Uluslararası Çalışma Örgütü (ILO) ile Dünya Sağlık Örgütü'nün (WHO) ortak Komisyonunda işçi sağlığının esasları: Bütün işkollarında işçinin fiziksel, ruhsal ve sosyo-ekonomik bakımdan sağlığını en üst düzeye çıkarmak ve bunun devamını sağlamak; çalışma şartları ve kullanılan zararlı maddeler nedeni ile işçi sağlığının bozulmasını engellemek; her işçiyi kendi fiziksel ve ruhsal yapısına uygun işte çalıştırmak; özet olarak işin işçiye ve işçinin işe uyumunu sağlamak olarak tanımlanmaktadır. Belirlenen amaçlara ulaşmak, dolayısıyla iş kazalarını ve meslek hastalıklarını önlemek temel sorumluluktur. (Yargıtay Hukuk Genel Kurulunun 08.11.2006 gün ve E: 2006/10-696, K: 2006/704 sayılı kararı).
İşverenin, üçüncü kişilerin ve sigortalının iş kazasındaki kasıt veya kusurunun tespitinde iş kazasının oluşumuna ilişkin maddi olguların eksiksiz biçimde saptanması, sorumluluğu gerektiren her koşulun, kendi özelliği çerçevesinde araştırılıp irdelenmesi, işveren ve diğer ilgililerin kusur oran ve aidiyetlerinin bu şekilde belirlenmesi gerekir.
Somut olaya dönüldüğünde, 23.11.2006 tarihinde meydana gelen iş kazası nedeniyle sigortalının hak sahiplerine bağlanan gelirden oluşan kurum zararının 506 sayılı Kanunun 26. maddesi uyarınca tahsili istemine ilişkin olup davanın yasal dayanağı 506 sayılı Kanunun 26. maddesidir. Yargılama sırasında alınan raporla davalı işveren %75, sigortalı %20, davalı ... %5 kusurlu bulunmuş olup Mahkemece bu rapor hükme esas alınarak hüküm tesis edilmiştir. Mahkemenin, kusura ilişkin kabulü eksik inceleme ve araştırmaya dayalıdır.
Eldeki davada, dokuma işi yapılan işyerinde elektrikçi olarak çalışan sigortalının 23.11.2006 tarihinde dokuma makinelerinin üzerinde bulunan aydınlatma lambalarından arızalı olanları tamir ederken elektriği kesmeden hareket ettiğinden akıma kapılarak vefat ettiği anlaşılmaktadır.

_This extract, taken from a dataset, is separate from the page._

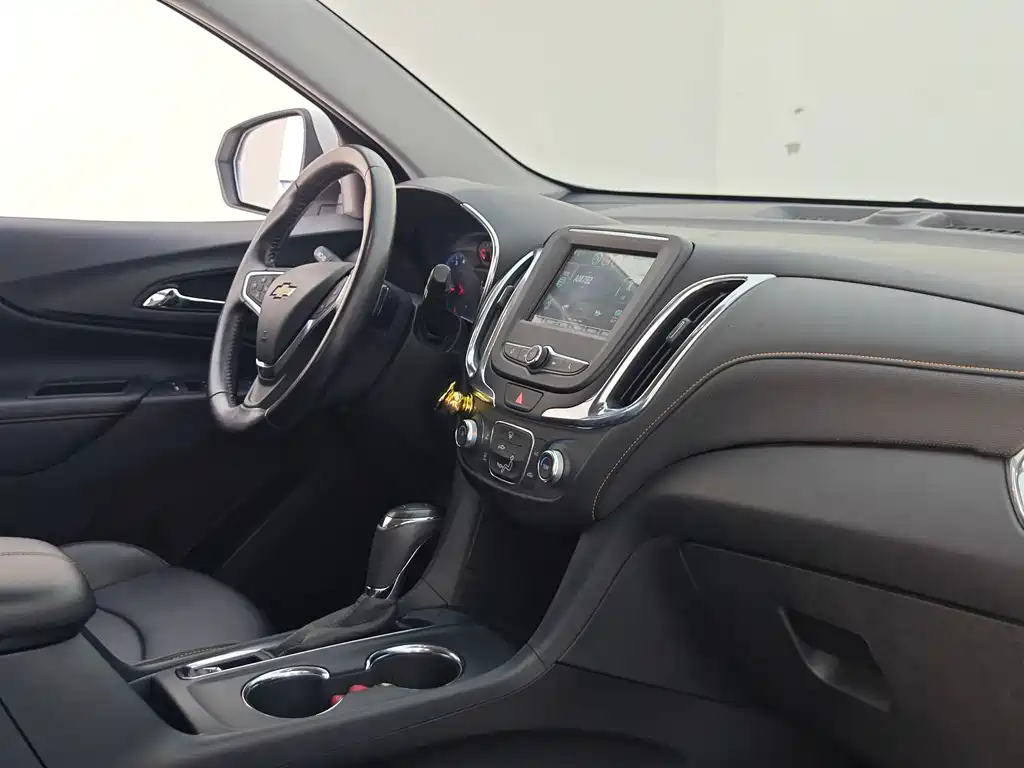 Chevrolet Equinox — фото 11
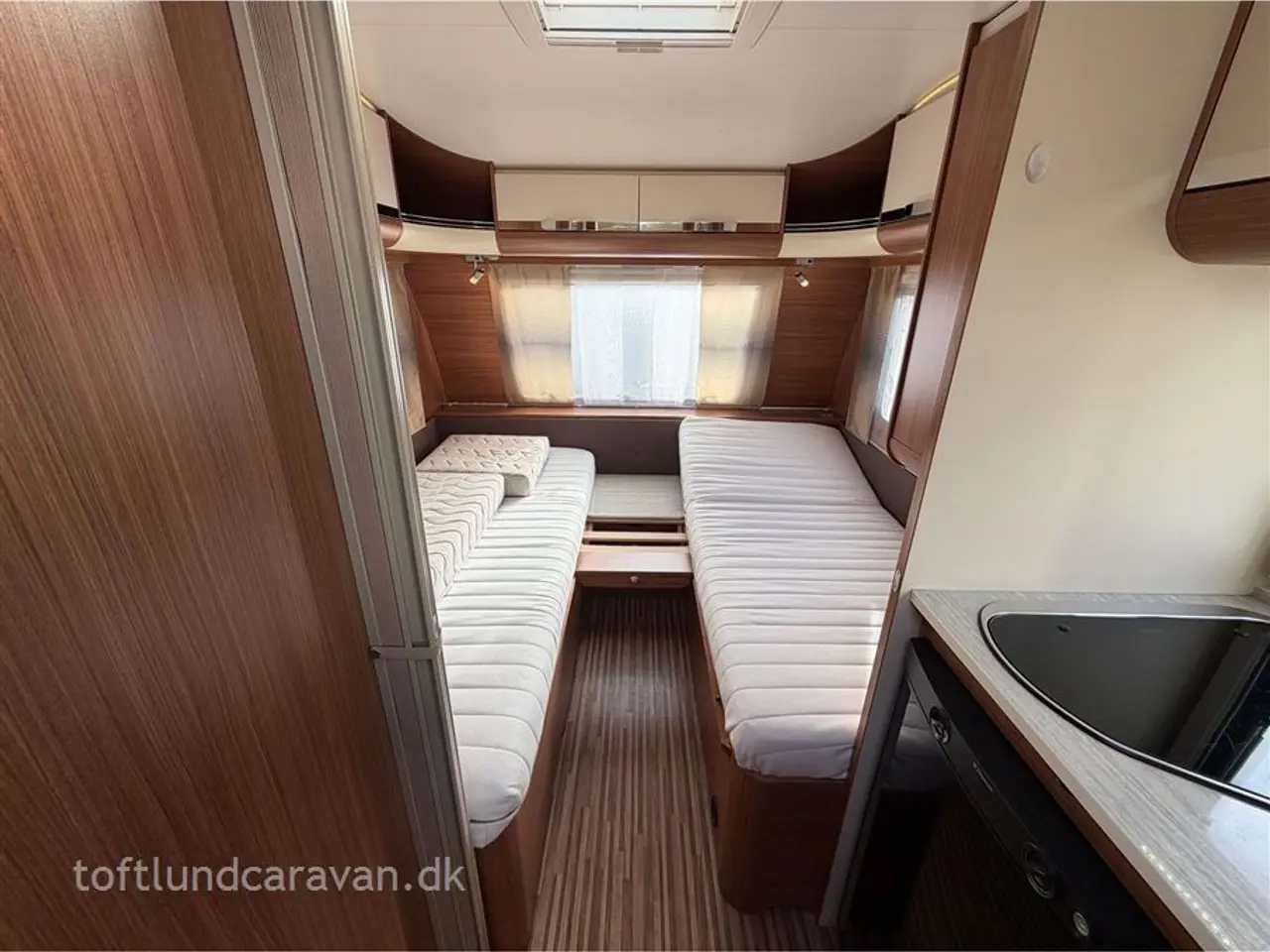Billede 3 - 2014 - Adria Adora 472 LU Populær letvægts-vogn med enkeltsenge + mover mv.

Mahkemece dosyadaki 20.03.2016 tarihli bilirkişi raporu ve 05.12.2017 tarihli ek rapor esas alınarak hüküm kurulmuş ise de, kusur tespiti için yeterli araştırma yapılmadığı anlaşılmaktadır. Dosyada mevcut müfettiş raporunda kazalının bağışlanmaz kusurlu olduğu yönünde bir tespit yapılmış olup aynı doğrultuda, ceza dosyasında alınan 26.09.2007 tarihli kusur raporunda da kazalının asli, davalı ...'nin tali kusurlu olduğu tespiti yapılmış iken eldeki davada alınan bilirkişi raporlarında bu belirlemeye aykırı ve olayın oluş meydana gelmesinde kazalının baskın kusurlu olduğu gözetilmeksizin yalnızca %20 kusurlu bulunduğu anlaşılmıştır. Ceza dosyasında sigortalının, davalı işverene yaptığı iş başvuru formunda 9 yıl tecrübesi olduğunu belirtmesi, davalıya ait işyerinde de 01.10.2005 tarihinden beri çalışması, işin basit sayılabilecek nitelikte olduğu ve çalışmaya başlamadan önce elektriği kesmek suretiyle kazanın önlenebileceği gözetildiğinde yine basit bir tedbirle önlenebileceği hususları dikkate alındığında kazalının baskın kusurlu olduğu belirgindir.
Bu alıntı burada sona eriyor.